** PROBLEM TO SOLVE **
Print each line from the start of the records below up through the line where "Jeunes mariés se" is found, exactly as given.

** Caption-style text data **
• • • • •

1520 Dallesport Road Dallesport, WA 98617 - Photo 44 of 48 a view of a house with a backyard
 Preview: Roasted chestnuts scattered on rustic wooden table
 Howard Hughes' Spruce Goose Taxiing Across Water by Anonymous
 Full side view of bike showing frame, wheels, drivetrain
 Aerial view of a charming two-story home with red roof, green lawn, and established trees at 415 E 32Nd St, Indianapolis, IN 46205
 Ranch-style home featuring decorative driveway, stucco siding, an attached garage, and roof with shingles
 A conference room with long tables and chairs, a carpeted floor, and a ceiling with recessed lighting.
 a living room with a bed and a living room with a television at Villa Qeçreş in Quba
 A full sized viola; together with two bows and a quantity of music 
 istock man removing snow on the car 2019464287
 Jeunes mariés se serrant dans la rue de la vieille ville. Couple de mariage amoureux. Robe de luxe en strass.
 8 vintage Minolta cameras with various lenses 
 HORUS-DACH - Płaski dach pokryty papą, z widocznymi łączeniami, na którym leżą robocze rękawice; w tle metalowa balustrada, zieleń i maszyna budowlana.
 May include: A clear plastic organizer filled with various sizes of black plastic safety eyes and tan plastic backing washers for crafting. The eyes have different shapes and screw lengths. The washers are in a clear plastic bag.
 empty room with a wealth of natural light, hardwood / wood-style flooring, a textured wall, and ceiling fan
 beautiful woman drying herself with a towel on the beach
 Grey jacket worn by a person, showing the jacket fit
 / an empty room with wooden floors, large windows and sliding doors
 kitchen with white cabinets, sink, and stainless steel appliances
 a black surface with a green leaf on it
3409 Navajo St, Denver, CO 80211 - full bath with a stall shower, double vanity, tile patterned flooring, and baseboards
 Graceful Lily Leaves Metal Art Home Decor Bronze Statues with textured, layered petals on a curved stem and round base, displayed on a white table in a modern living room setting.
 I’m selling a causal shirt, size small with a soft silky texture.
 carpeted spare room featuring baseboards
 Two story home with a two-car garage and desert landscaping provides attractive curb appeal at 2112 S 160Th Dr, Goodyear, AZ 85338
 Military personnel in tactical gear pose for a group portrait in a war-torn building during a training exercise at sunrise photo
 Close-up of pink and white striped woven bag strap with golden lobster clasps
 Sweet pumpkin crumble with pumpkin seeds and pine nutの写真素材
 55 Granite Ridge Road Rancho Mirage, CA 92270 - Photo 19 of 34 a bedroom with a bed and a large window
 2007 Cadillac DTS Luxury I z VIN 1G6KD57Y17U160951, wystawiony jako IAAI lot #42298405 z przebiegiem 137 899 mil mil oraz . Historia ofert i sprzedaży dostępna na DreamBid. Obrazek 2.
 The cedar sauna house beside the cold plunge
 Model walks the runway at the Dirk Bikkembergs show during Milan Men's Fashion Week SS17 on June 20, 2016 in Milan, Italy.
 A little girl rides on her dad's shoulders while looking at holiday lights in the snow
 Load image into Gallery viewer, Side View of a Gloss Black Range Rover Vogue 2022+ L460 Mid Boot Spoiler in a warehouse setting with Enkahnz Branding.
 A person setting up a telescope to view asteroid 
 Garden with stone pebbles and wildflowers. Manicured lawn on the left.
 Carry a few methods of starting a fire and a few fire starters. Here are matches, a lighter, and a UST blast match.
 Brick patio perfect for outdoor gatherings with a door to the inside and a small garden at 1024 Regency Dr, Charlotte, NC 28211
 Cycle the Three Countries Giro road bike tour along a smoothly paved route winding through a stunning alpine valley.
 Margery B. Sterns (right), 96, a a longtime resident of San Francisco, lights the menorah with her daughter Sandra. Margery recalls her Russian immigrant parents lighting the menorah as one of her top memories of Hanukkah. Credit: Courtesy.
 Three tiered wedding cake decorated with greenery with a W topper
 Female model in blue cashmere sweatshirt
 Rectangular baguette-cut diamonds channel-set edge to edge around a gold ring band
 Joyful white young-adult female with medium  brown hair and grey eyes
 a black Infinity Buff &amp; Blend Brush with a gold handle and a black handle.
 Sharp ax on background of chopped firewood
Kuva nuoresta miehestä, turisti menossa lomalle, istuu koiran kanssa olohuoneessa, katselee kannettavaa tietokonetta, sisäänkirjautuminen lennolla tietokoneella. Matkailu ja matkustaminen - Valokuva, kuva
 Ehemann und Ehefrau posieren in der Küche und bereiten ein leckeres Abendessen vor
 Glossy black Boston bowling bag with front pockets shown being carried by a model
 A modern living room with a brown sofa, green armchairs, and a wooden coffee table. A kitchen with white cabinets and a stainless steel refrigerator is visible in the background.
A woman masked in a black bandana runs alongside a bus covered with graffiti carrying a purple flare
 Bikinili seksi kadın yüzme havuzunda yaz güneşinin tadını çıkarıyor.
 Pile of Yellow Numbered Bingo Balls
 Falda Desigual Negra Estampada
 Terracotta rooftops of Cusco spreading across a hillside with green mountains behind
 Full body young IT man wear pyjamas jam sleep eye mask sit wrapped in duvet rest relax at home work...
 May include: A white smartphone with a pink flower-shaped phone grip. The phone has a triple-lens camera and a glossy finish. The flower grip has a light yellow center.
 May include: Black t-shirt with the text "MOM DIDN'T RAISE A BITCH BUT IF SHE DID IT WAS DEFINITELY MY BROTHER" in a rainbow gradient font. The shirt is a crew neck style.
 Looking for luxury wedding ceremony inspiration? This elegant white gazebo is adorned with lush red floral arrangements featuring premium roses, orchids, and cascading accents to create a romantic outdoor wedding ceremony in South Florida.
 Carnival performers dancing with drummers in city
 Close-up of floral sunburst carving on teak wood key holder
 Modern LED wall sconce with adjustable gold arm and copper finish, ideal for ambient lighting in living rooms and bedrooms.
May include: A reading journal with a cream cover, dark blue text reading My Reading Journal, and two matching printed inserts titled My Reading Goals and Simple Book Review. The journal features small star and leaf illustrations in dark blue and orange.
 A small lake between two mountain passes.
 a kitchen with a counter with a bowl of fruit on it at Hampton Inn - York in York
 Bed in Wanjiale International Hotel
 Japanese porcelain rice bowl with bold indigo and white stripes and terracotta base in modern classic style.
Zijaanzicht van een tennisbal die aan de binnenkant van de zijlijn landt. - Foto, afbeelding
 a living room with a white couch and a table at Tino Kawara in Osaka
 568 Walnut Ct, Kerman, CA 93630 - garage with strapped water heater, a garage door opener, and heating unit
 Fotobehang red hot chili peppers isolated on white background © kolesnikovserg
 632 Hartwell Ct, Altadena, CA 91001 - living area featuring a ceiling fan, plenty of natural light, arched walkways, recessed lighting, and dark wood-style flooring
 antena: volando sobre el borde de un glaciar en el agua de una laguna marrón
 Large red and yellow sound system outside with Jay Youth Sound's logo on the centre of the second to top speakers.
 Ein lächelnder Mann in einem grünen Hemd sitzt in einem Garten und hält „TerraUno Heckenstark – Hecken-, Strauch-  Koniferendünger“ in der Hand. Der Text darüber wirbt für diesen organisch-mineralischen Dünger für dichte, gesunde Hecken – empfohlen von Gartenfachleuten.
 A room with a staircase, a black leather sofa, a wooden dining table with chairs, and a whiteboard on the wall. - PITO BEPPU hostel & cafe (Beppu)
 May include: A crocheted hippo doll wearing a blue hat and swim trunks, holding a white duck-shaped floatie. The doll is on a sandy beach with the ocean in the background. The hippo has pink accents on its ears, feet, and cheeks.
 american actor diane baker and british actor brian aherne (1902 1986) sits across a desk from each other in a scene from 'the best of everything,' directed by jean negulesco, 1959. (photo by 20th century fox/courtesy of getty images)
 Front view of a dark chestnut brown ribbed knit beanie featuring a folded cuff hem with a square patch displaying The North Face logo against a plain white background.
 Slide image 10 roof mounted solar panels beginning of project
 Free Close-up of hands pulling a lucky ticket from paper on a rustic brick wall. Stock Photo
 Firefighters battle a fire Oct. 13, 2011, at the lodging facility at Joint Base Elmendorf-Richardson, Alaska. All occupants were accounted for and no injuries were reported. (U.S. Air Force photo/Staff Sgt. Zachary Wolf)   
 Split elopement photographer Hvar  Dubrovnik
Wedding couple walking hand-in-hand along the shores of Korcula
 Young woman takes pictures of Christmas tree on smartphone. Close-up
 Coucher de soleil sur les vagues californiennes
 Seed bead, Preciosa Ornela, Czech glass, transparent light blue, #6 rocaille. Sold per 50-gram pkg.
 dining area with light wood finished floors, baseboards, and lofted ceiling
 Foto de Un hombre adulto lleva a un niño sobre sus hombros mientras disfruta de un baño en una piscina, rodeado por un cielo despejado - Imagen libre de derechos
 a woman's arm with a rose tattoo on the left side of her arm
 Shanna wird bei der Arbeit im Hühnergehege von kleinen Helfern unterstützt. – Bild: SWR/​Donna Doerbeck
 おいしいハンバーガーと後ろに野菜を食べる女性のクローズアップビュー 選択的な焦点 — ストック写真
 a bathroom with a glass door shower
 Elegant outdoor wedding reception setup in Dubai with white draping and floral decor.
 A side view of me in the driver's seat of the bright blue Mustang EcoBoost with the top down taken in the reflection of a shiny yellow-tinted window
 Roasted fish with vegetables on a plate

• • • • •

** ANSWER **
1520 Dallesport Road Dallesport, WA 98617 - Photo 44 of 48 a view of a house with a backyard
 Preview: Roasted chestnuts scattered on rustic wooden table
 Howard Hughes' Spruce Goose Taxiing Across Water by Anonymous
 Full side view of bike showing frame, wheels, drivetrain
 Aerial view of a charming two-story home with red roof, green lawn, and established trees at 415 E 32Nd St, Indianapolis, IN 46205
 Ranch-style home featuring decorative driveway, stucco siding, an attached garage, and roof with shingles
 A conference room with long tables and chairs, a carpeted floor, and a ceiling with recessed lighting.
 a living room with a bed and a living room with a television at Villa Qeçreş in Quba
 A full sized viola; together with two bows and a quantity of music 
 istock man removing snow on the car 2019464287
 Jeunes mariés se serrant dans la rue de la vieille ville. Couple de mariage amoureux. Robe de luxe en strass.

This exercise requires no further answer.